问题
I am trying to convert a irregular time series of a data table into a regular time series. My data looks like this
library(data.table)
dtRes <- data.table(time = c(0.1, 0.8, 1, 2.3, 2.4, 4.8, 4.9),
abst = c(1, 1, 1, 0, 0, 3, 3),
farbe = as.factor(c("keine", "keine", "keine", "keine", "keine", "rot", "blau")),
gier = c(2.5, 2.5, 2.5, 0, 0, 3, 3),
goff = as.factor(c("haus", "maus", "toll", "maus", NA, "maus", "maus")),
huft = as.factor(c(NA, NA, NA, "wolle", "wolle", "holz", "holz")),
mode = c(4, 4, 4, 2.5, NA, 3, 3))
How is it possible to aggregate the observations in chunks by taking a chunk size of like 1 second? (with a variable number of rows - even 0 if there are no rows within a 1 second period) The result should be the mean for the numeric columns (NAs omitted) and for the factors a whole duplicated row if there is more than 1 unique value. If this is not possible for factors or doesn't make sense to you, it is also fine to just take the first value of the specific second in the factor column. This way it would be real regular time series without any duplicated times. If there is no value for an interval (like in the example for the 2nd second), the result is NA.

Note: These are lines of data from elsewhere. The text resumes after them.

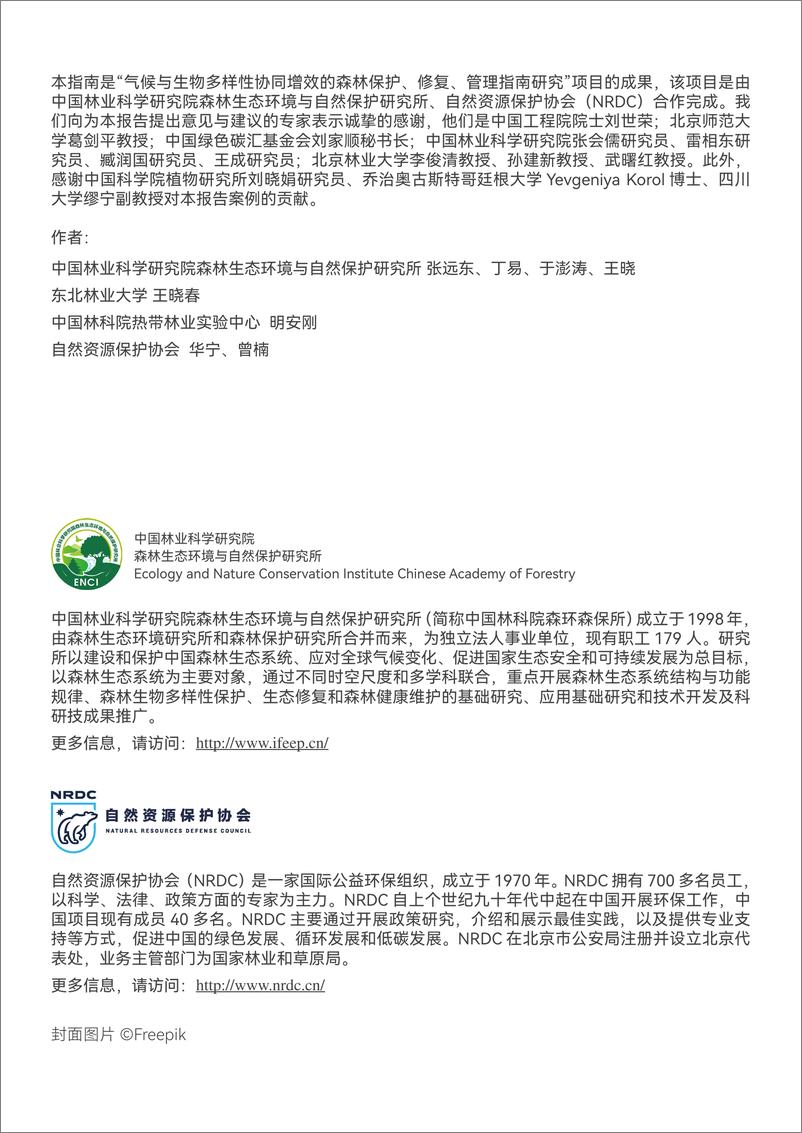 《森林保护_修复_管理指南——协同应对气候变化与保护生物多样性》 - 第2页预览图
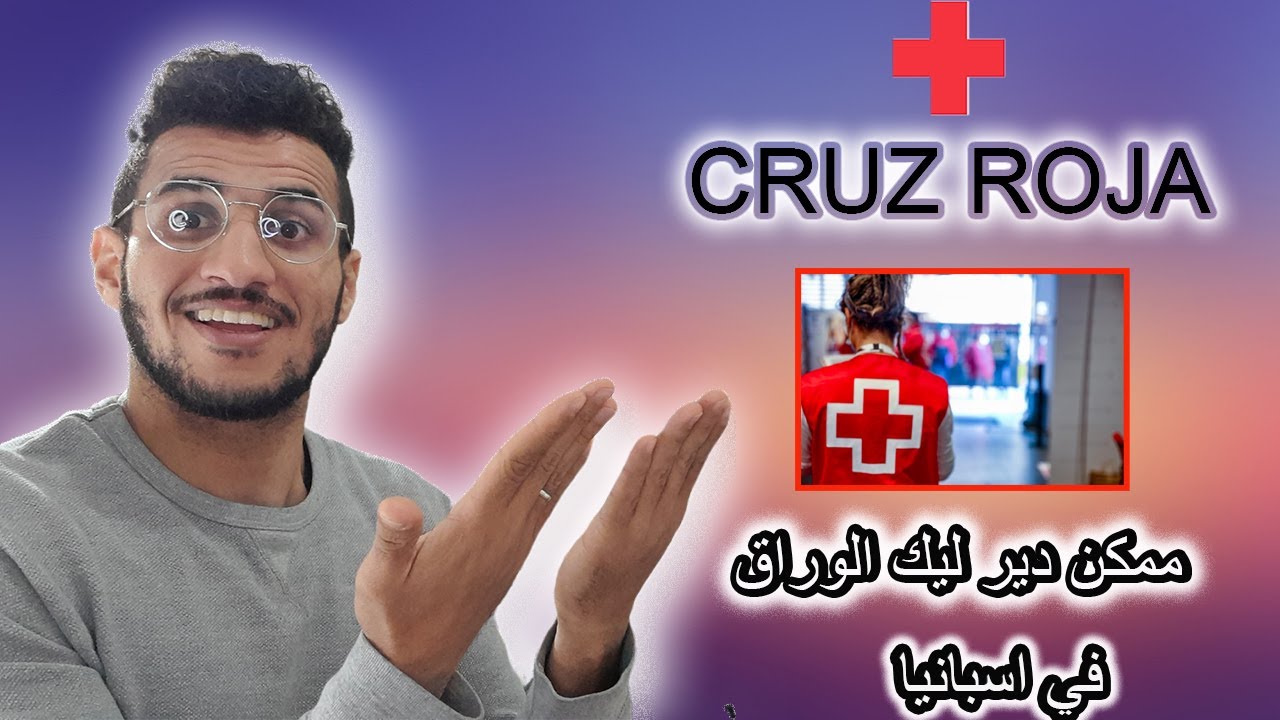 كيفية الاستفادة من جمعية في إسبانيا تساعد المهاجرين بدون أوراق خاص بالهجرة السرية 🇪🇸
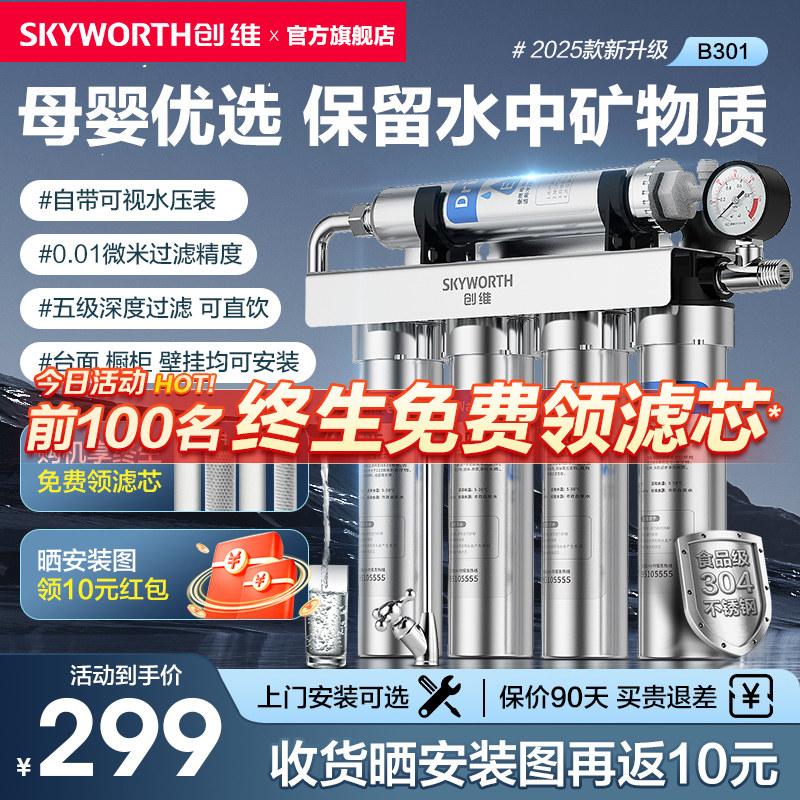 创维净水器家用五级不锈钢净水机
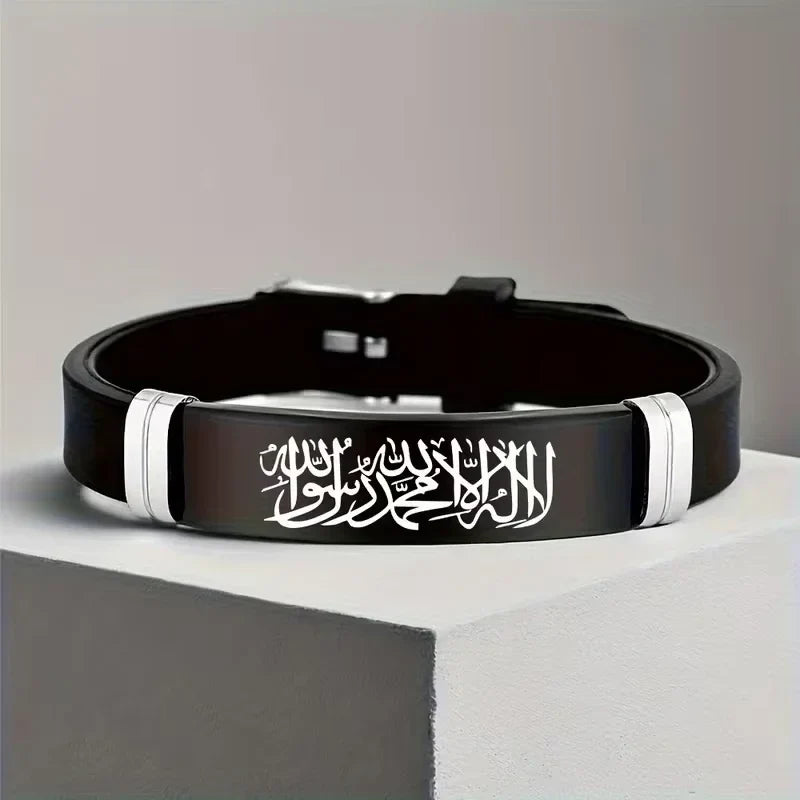 Set van 2 armbanden van siliconen Shahada Allah Arabisch voor koppels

In the end the result can look like this (depends on duplicated rows or not):
with duplicates:
wiDups <- data.table(time = c(1, 1, 2, 3, 4, 5, 5),
abst = c(1, 1, NA, 1, NA, 5, 5),
farbe = as.factor(c("keine", "keine", NA, "keine", NA, "rot", "blau")),
gier = c(2.5, 2.5, NA, 0, NA, 4.5, 4.5),
goff = as.factor(c("haus", "maus", NA, "maus", NA, "maus", "maus")),
huft = as.factor(c(NA, NA, NA, "wolle", NA, "holz", "holz")),
mode = c(5, 5, NA, 2.5, NA, 4, 4))
and without duplicates:
noDups <- data.table(time = c(1, 2, 3, 4, 5),
abst = c(1, NA, 1, NA, 5),
farbe = as.factor(c("keine", NA, "keine", NA, "rot")),
gier = c(2.5, NA, 0, NA, 4.5),
goff = as.factor(c("haus", NA, "maus", NA, "maus")),
huft = as.factor(c(NA, NA, "wolle", NA, "holz")),
mode = c(5, NA, 2.5, NA, 4))
Is it better to convert it into a time series object?
回答1:
The question is a follow-up to OP's question R combining duplicate rows in a time series with different column types in a datatable.

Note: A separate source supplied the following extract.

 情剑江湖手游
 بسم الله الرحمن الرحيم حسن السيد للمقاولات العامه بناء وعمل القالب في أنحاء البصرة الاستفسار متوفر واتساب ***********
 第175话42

The OP has requested to turn an irregular time series into a regular time series by aggregating.
This can be achieved by aggregating and filling in missing values by a right join.
win <- 1 # step size of time series or length of time window
brk <- dtRes[, .(time = tail(scales::fullseq(range(time), win), -1L))]

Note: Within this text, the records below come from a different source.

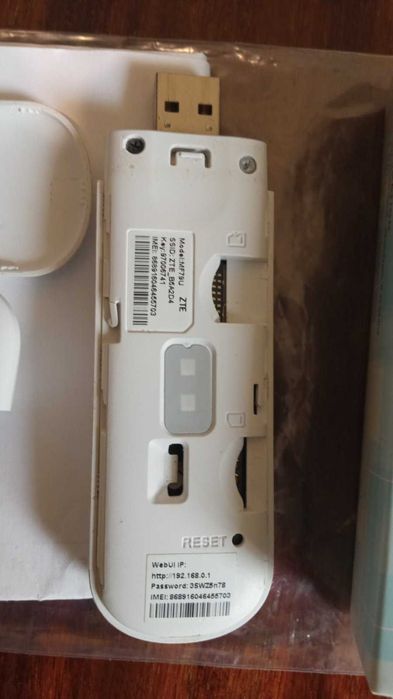 4G USB модем ZTE MF79U (з роздачею Wi-Fi і швидкістю до 150 Мбіт/с)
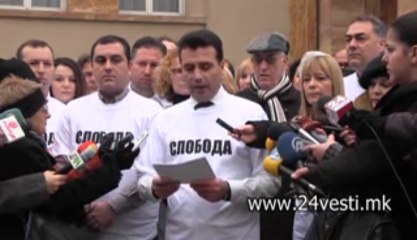 IZJAVA  ZAEV ZA 24 DEKEMVRI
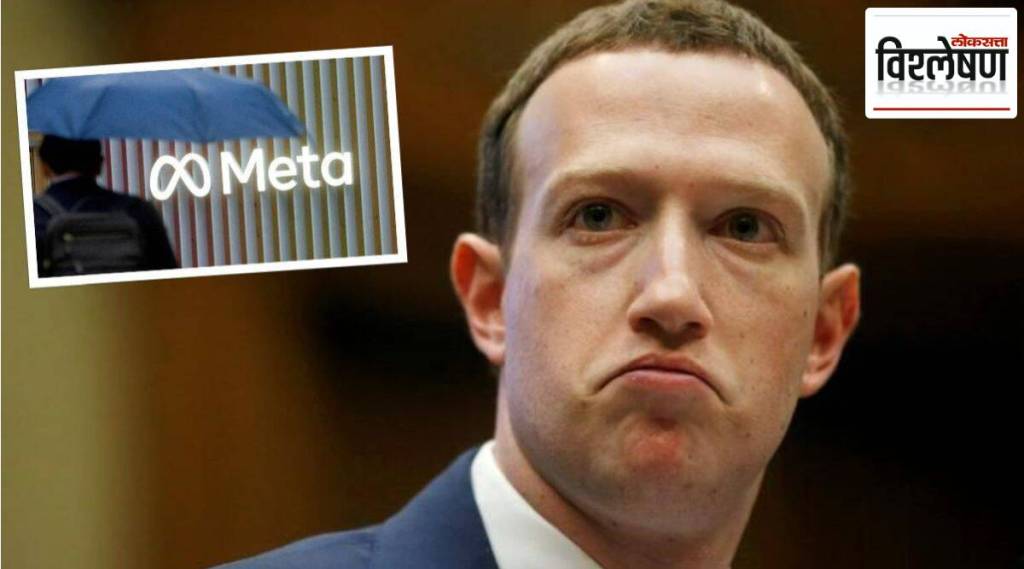 Meta zukarberg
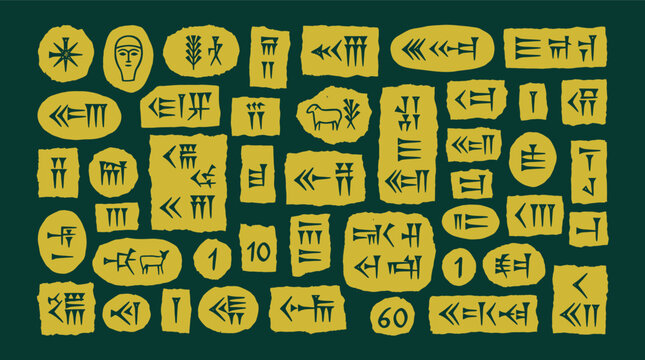 Archaeological vector illustration presenting ancient cuneiform clay tablet symbols mesopotamian markings wedge script fragments handmade yellow paper collage layout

dtRes[, lapply(.SD, function(x) if (is.numeric(x)) mean(x, na.rm = TRUE)
else unlist(na.omit(unique(x)))),
by = .(time = ceiling(time / win) * win)][
brk, on = .(time)]
time abst farbe gier goff huft mode 1: 1 1 keine 2.5 haus <NA> 4.0 2: 1 1 keine 2.5 maus <NA> 4.0 3: 1 1 keine 2.5 toll <NA> 4.0 4: 2 NA <NA> NA <NA> <NA> NA 5: 3 0 keine 0.0 maus wolle 2.5 6: 4 NA <NA> NA <NA> <NA> NA 7: 5 3 rot 3.0 maus holz 3.0 8: 5 3 blau 3.0 maus holz 3.0
For creating the regular time series, fullseq()
from the scales
package is used for convenience. Apparently, the OP prefers right closed intervals, so the first value can be skipped.
The warning message
In
`[.data.table`(dtRes, , lapply(.SD, function(x) if (is.numeric(x)) mean(x,
:
Item 5 of j's result for group 1 is zero length. This will be filled with 3 NAs to match the longest column in this result. Later groups may have a similar problem but only the first is reported to save filling the warning buffer.
can be happily ignored.
The warning is issued because huft
is NA
for time == 1
. After calling na.omit()
the result vector for the huft
column is empty but the group result has 3 rows. So, data.table
fills the result vector with NA
to get a matching length -- which is what we expect.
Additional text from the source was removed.